B.
FORMATION DE CEUX QUI TRAVAILLENT DANS LE MINISTÈRE PASTORAL
1.
Ministres ordonnés
70.
Parmi les devoirs principaux de tout futur ministre ordonné il y a celui
de se former une personnalité qui, dans la mesure du possible, puisse
servir à sa mission d'aider les autres à rencontrer le Christ.
Dans cette perspective, le candidat au ministère doit pleinement
cultiver les qualités humaines qui rendent une personne acceptable et
crédible par les autres, surveillant son propre langage et ses propres
capacités de dialogue, pour acquérir une attitude authentiquement
œcuménique.
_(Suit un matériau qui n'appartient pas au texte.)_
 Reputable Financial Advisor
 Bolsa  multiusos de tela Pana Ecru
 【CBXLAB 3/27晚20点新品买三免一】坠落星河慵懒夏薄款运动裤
Ce qui est essentiel pour qui a une fonction de
maître et de pasteur dans une Eglise particulière, comme
l'Evêque, ou bien qui peut avoir charge d'âmes en qualité de
prêtre, n'est pas de moindre importance pour le diacre, et de
façon particulière pour les diacres permanents, appelés
à servir la communauté des fidèles.
71.
Lorsqu'il prend des initiatives et organise des rencontres,il est
nécessaire que le ministre agisse avec lucidité et dans la
fidélité à l'Eglise, en respectant les diverses
compétences et en suivant les dispositions que les pasteurs de l'Eglise,
en vertu de leur mandat, établissent pour le mouvement
œcuménique de l'Eglise universelle et pour chaque Eglise
particulière, afin de collaborer à la construction de
l'unité des chrétiens sans préjugés et sans
initiatives maladroites.
a) La
formation doctrinale
72.
Les Conférences épiscopales s'assureront que les plans
d'études donnent la dimension œcuménique de chaque
matière et prévoient une étude spécifique de
l'œcuménisme. Elles vérifieront que ces plans d'étude
sont conformes aux indications de ce Directoire.
a–1)
La dimension œcuménique des diverses matières
73.
L'action œcuménique « ne peut être que pleinement et
sincèrement catholique, c'est-à dire fidèle à la
vérité reçue des Apôtres et des Pères, et
conforme à la foi que l'Eglise catholique a toujours professée
».(87)
74.
Les étudiants doivent apprendre à distinguer entre les
vérités révélées, lesquelles exigent toutes
le même assentiment de foi, la façon de les énoncer et les
doctrines théologiques.(88) En ce qui concerne la formulation
des vérités révélées, on tiendra compte de
ce que dit, entre autres, la déclaration de la Congrégation pour
la doctrine de la foi Mysterium Ecclesiae, 5: « Les
vérités que l'Eglise entend réellement enseigner par ses
formules dogmatiques sont sans doute distinctes des conceptions changeantes
propres à une époque déterminée; mais il n'est pas
exclu qu'elles soient éventuellement formulées, même par le
Magistère, en des termes qui portent des traces de telles conceptions.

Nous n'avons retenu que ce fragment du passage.